Author Options:

How can I make a 3.3v Solar power supply that uses an 18650 battery? Answered

I have a project which I would like to make self sustaining solar powered that runs 24hrs a day. the electronics themselves use between 60ma and 220ma of power. the 220ma is for about 1 second every 2 minutes when the device transmits it's sensor's data, the rest of the time it is 60ma to 80ma. I want to make sure that the circuit has overcharge and over discharge protection for the battery as well as voltage regulation to between 3v and 3.3v for the load. I have been searching and I cannot seem to find a premade solar controller board that will do what I need. If there is one <$20 USD please point me in that direction, but I would still like to learn how to build one.


Waterproof Solar Power Bank+lm2596

Ada fruit do a solar charger for lithium which looks suitable to me.

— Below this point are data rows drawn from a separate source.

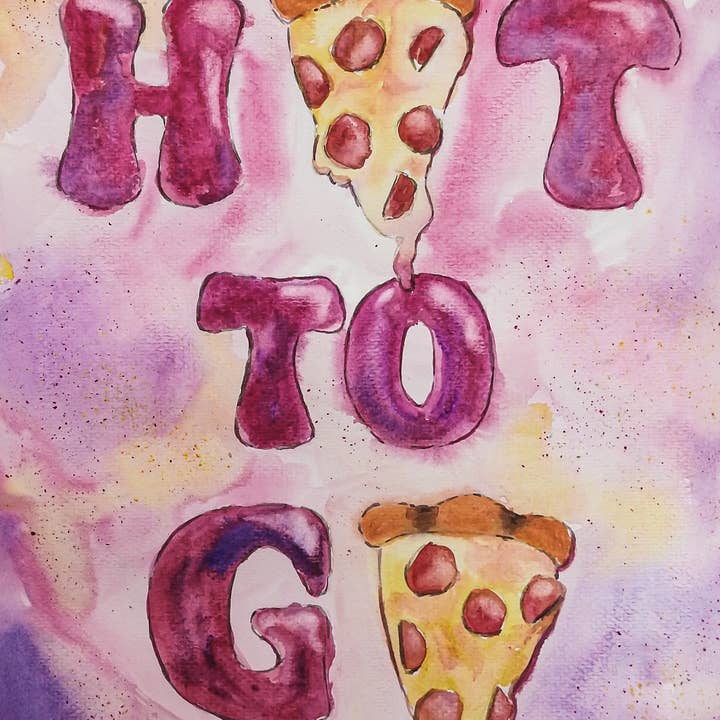 Jess Buckholtz Art - Wholesale Art Print - Hot to Go Art Print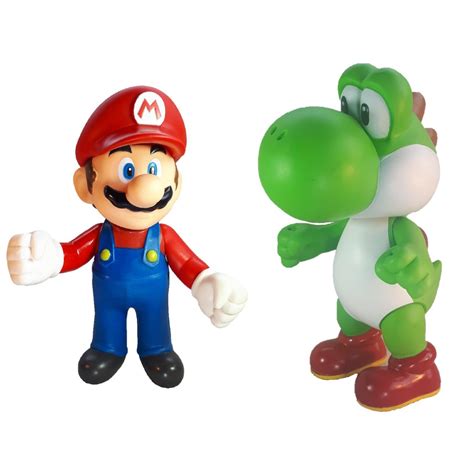 Kit Bonecos Super Mario E Yoshi Articulados Cole O Shopee Brasil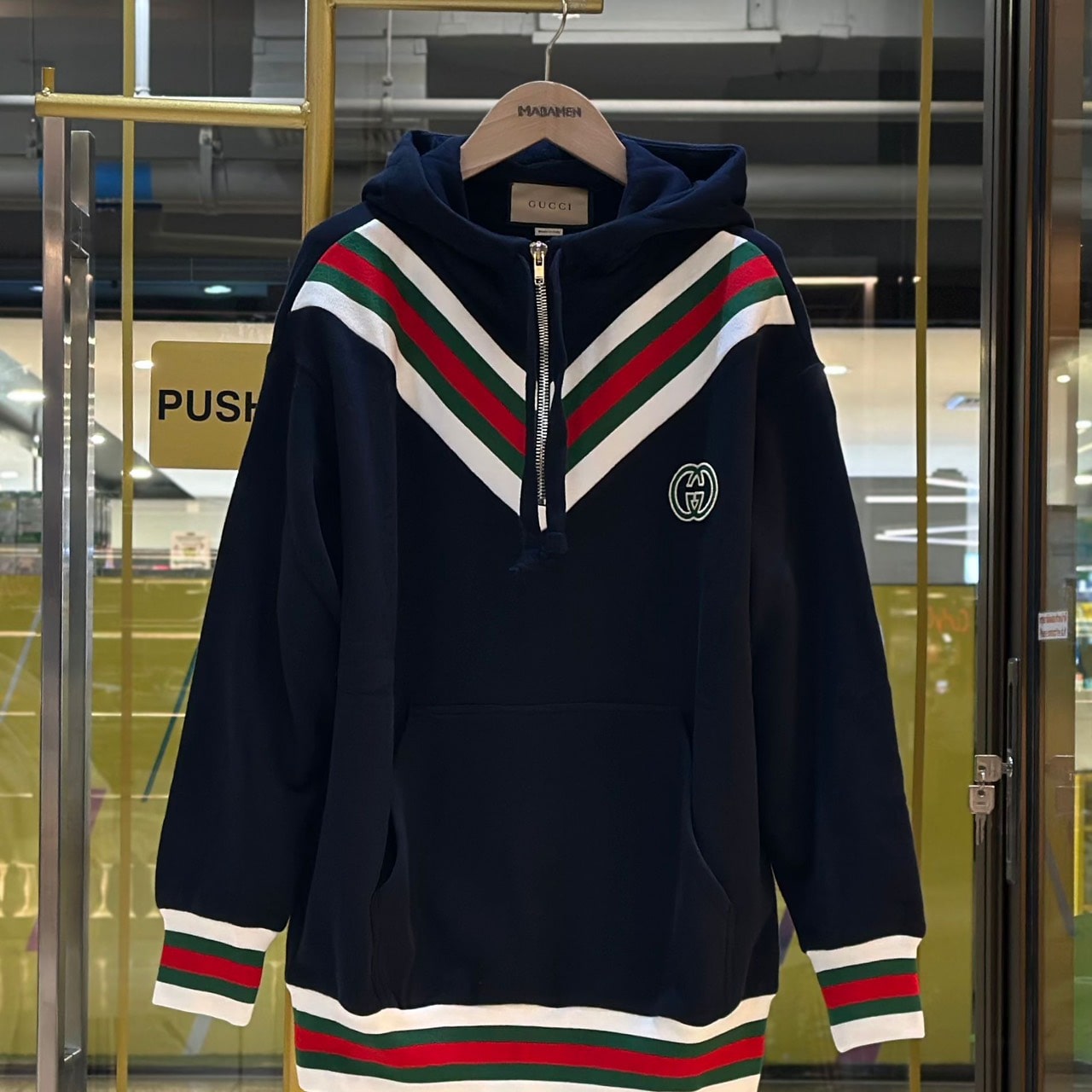GUCCI Half Zip Hoodie (1)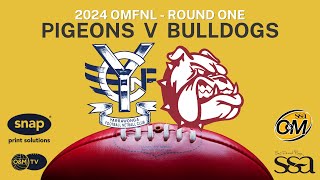 2024 R1 Pigeons v Bulldogs [upl. by Novehs]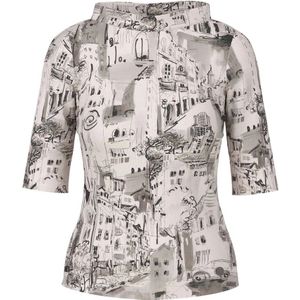 Marc Cain, Dames, Blouses & Shirts, Grijs, Maat: M Katoen,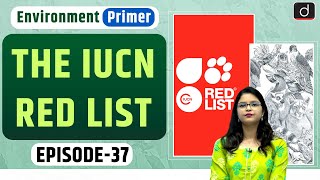 IUCN Red List Environment Primer  Drishti IAS English [upl. by Aserehc]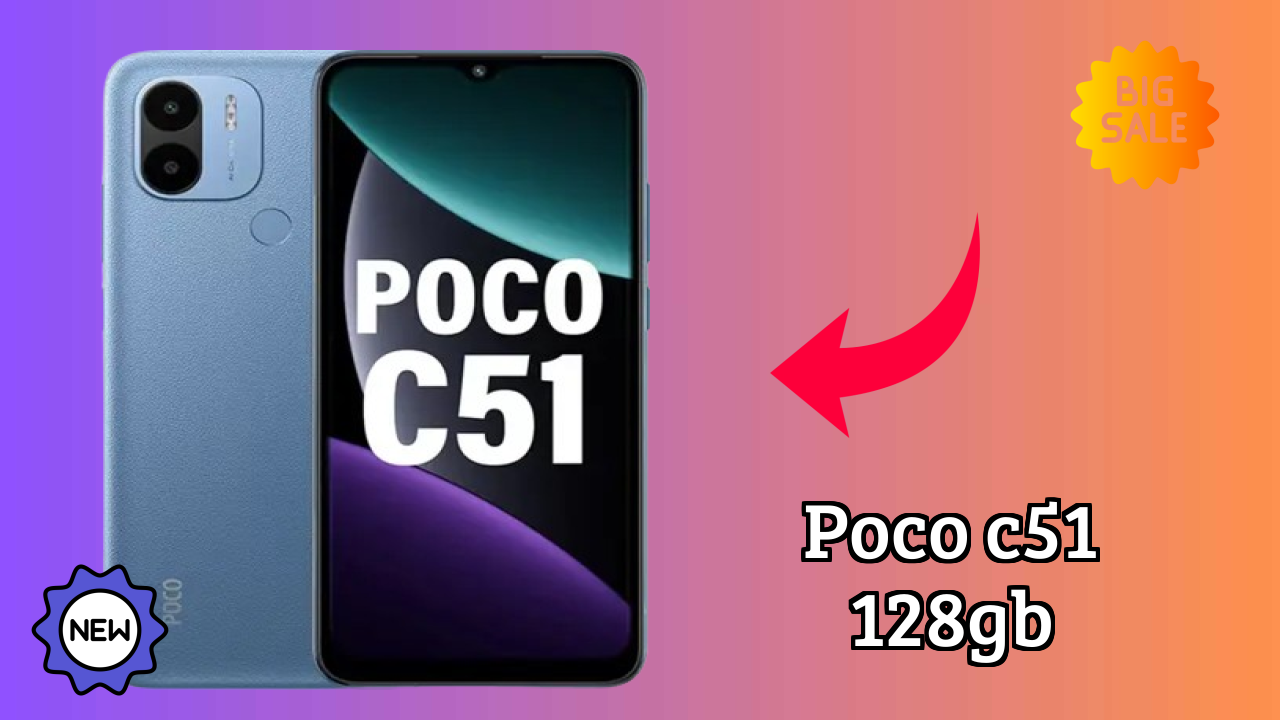 POCO C51 128GB Display Review: 6.52 Inches (16.56 Cm) Screen Size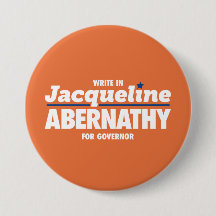 Abernathy for Texas Button, Orange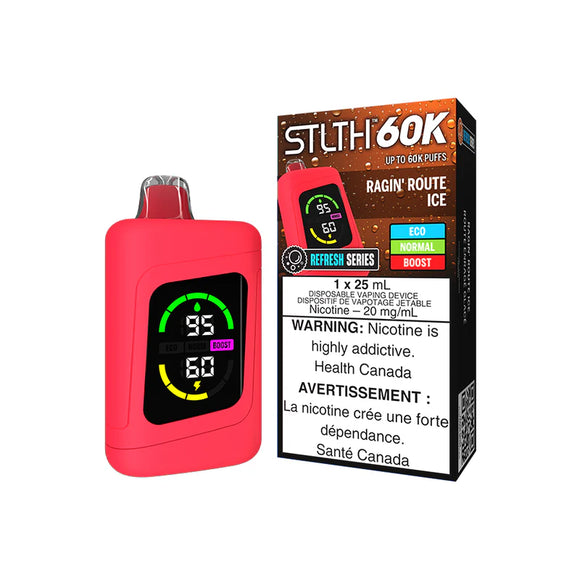 Ragin' Route Ice by Stlth 60K Refresh 60000 Puff 25ml - Disposable Vape [ON]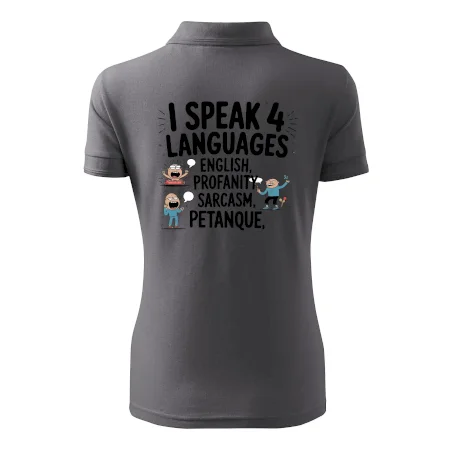 I speak 4 language - Petanque
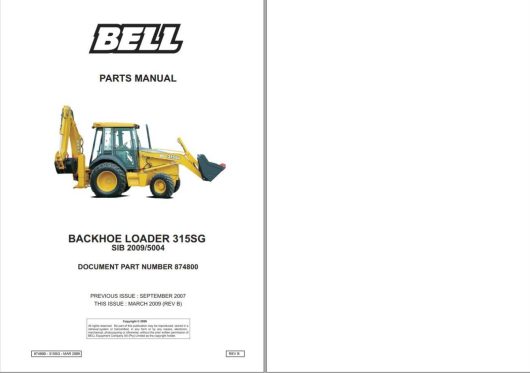BELL Machinery Service Manuals (7)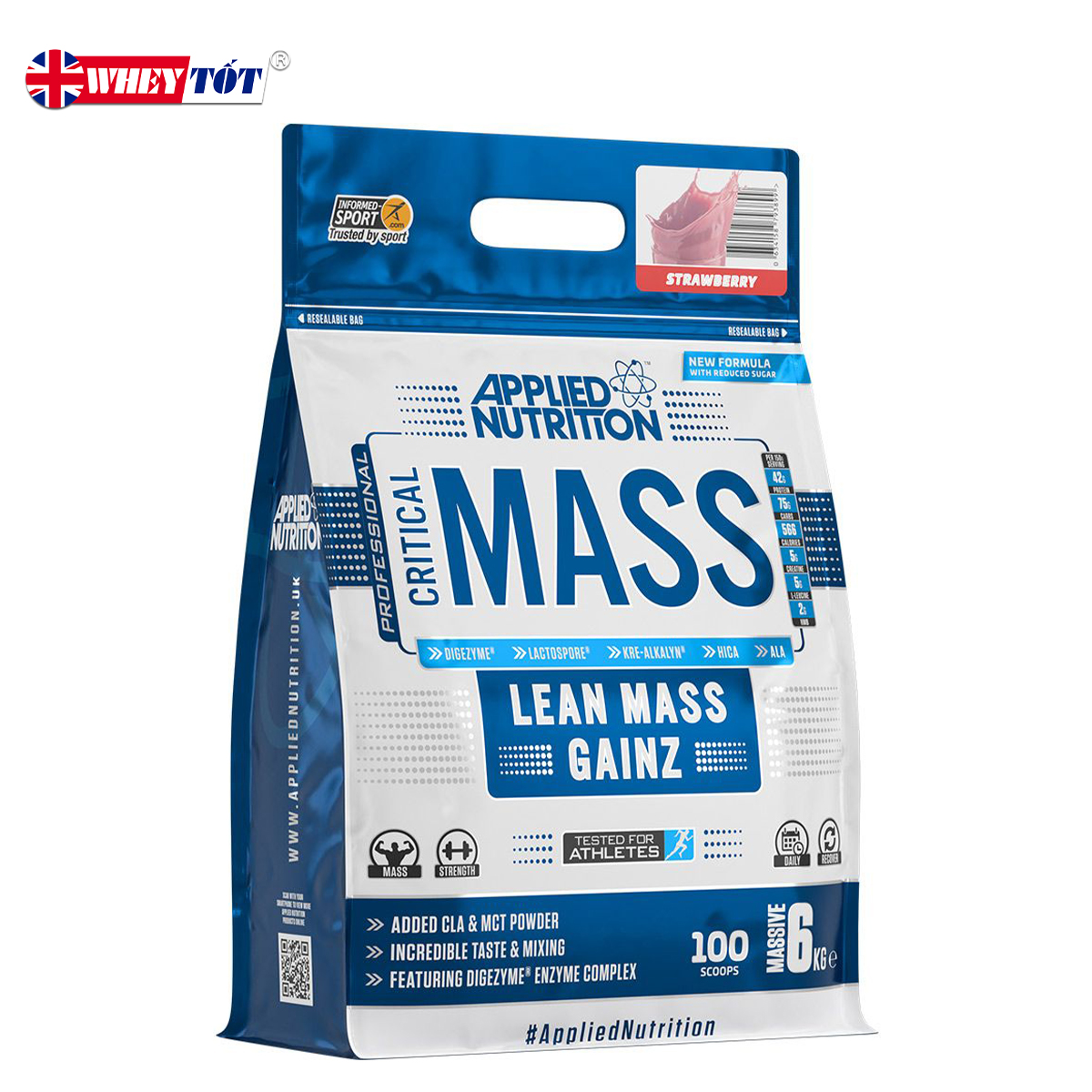 Tăng cân Applied Nutrition Professional Critical Mass 6Kg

I just thought of a potentially very simple solution to this problem. If it will work. Would I be able to plug the output of a 5v solar panel directly into the USB input (charging port) of a small USB power bank? Is there any reason the solar panel would not operate the charger on the power bank?

It's worth a try, but bear in mind 5v is the output only in full sun conditions.

What are you actually doing, that is pulling a constant 60mA, can you drop it down further ? What processor are you using ?

using an ESP module.

when it is in standby it actually draws about 30ma but when it goes into transmit it is drawing about 127ma but can draw up to 250ma.

so I have had a module running on a cheap quality 18650 battery for about 36 hours now and the battery is only down to 3.6v I have a protection board on it that will shut down at 3.0v. so I think I will have no problem with the battery capacity or voltage drop issues just need a charge circuit that will protect the battery from overcharging from solar

What panel are you intending to use ?

I am also open to other battery options the 18650 option seemed to be a good option but as I research I a beginning to wonder if other options would be better.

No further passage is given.